#### [Data extract]
--------------------------------------------------
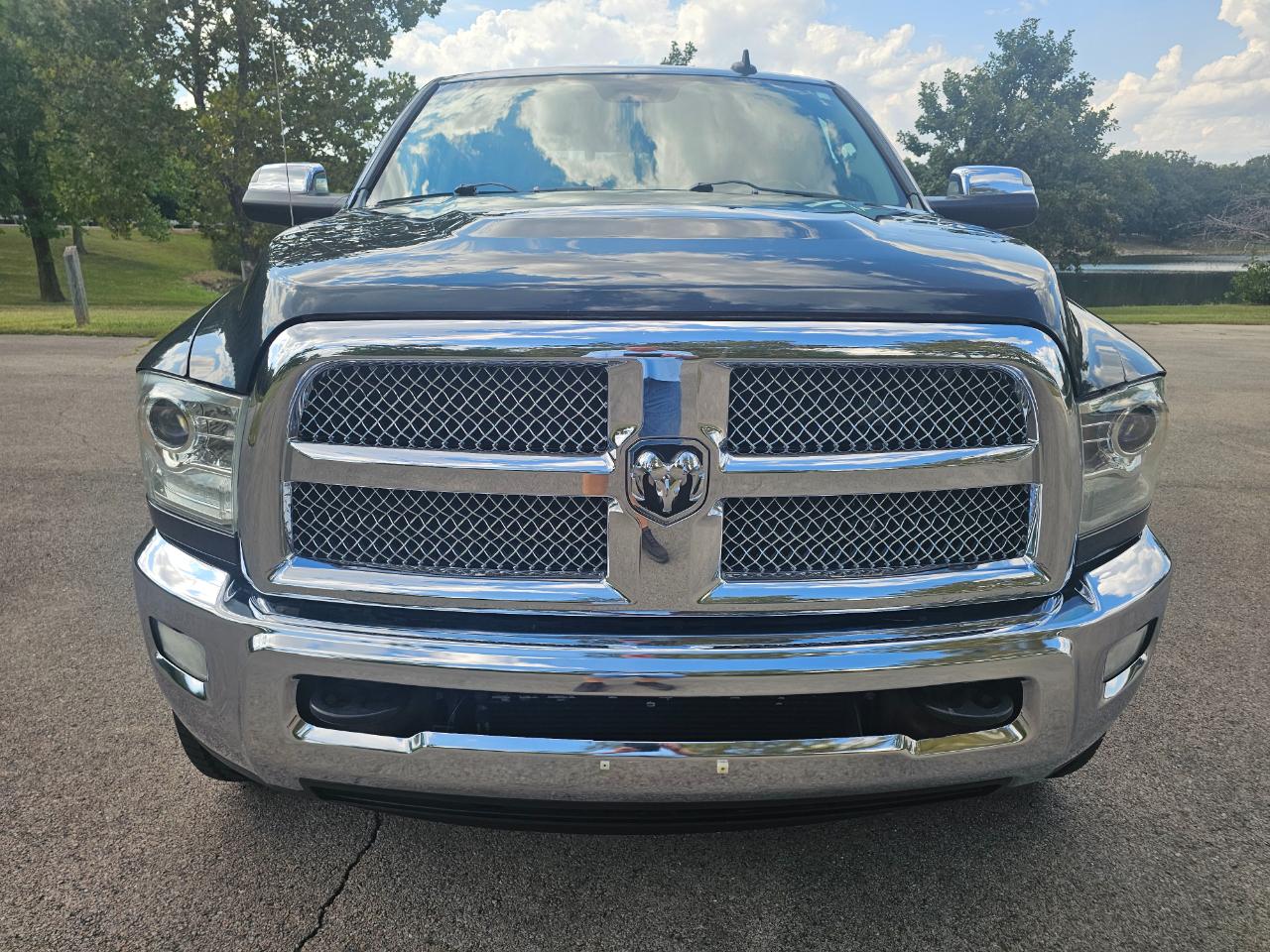 RAM 2500 4WD Crew Cab 149" Longhorn Limited 2015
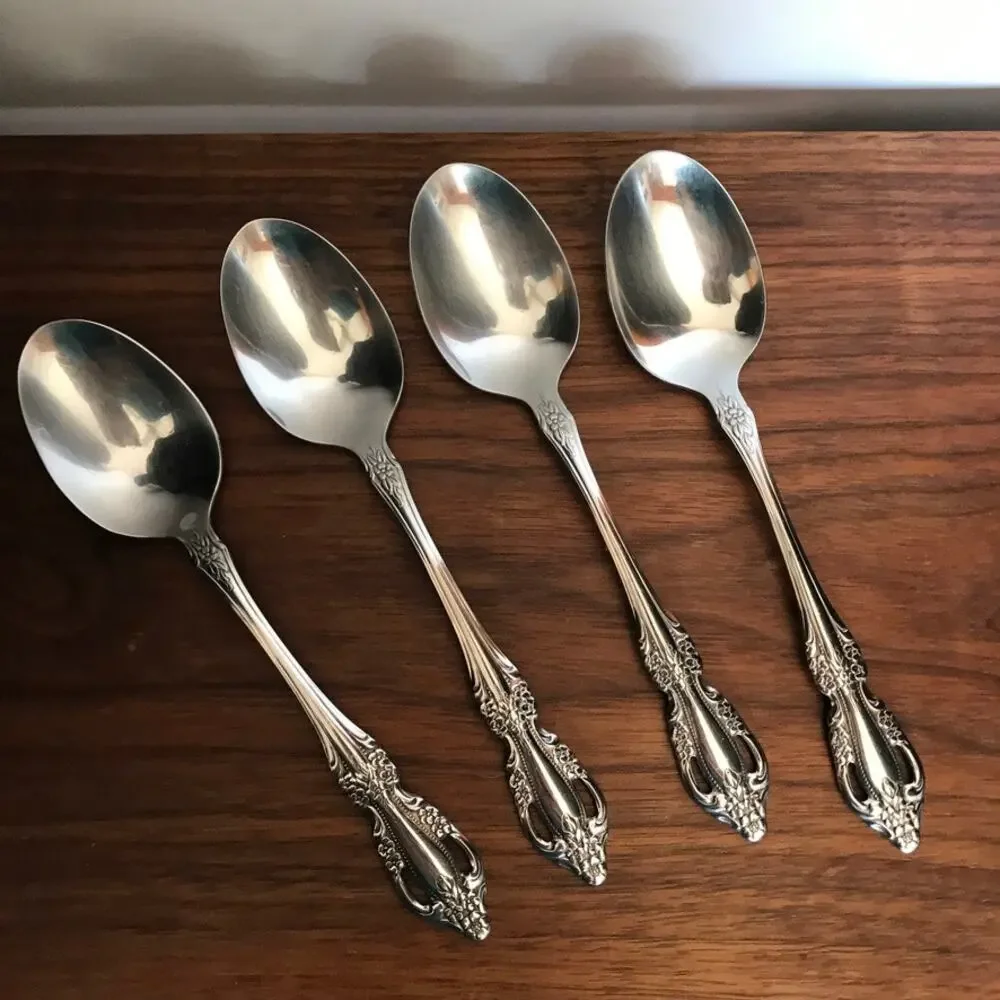 Oneida RAPHAEL stainless glossy flatware - set of 4 oval place spoons
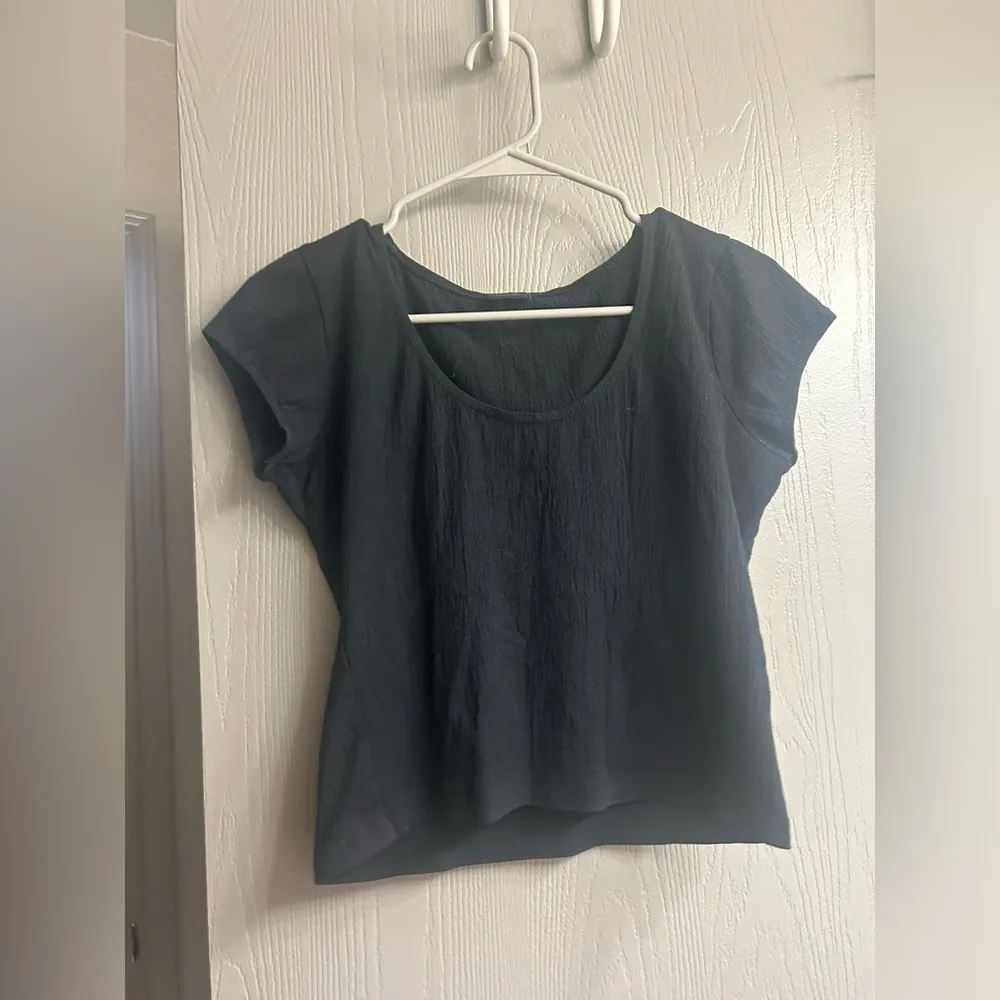 Brandy Melville Black Zelly Basic Tee - Image 3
--------------------------------------------------
#### [Task instructions]
Retype the data above in full, exactly as it stands, and skip any image.

#### [Solution to this problem]
 RAM 2500 4WD Crew Cab 149" Longhorn Limited 2015
 Oneida RAPHAEL stainless glossy flatware - set of 4 oval place spoons
 Brandy Melville Black Zelly Basic Tee - Image 3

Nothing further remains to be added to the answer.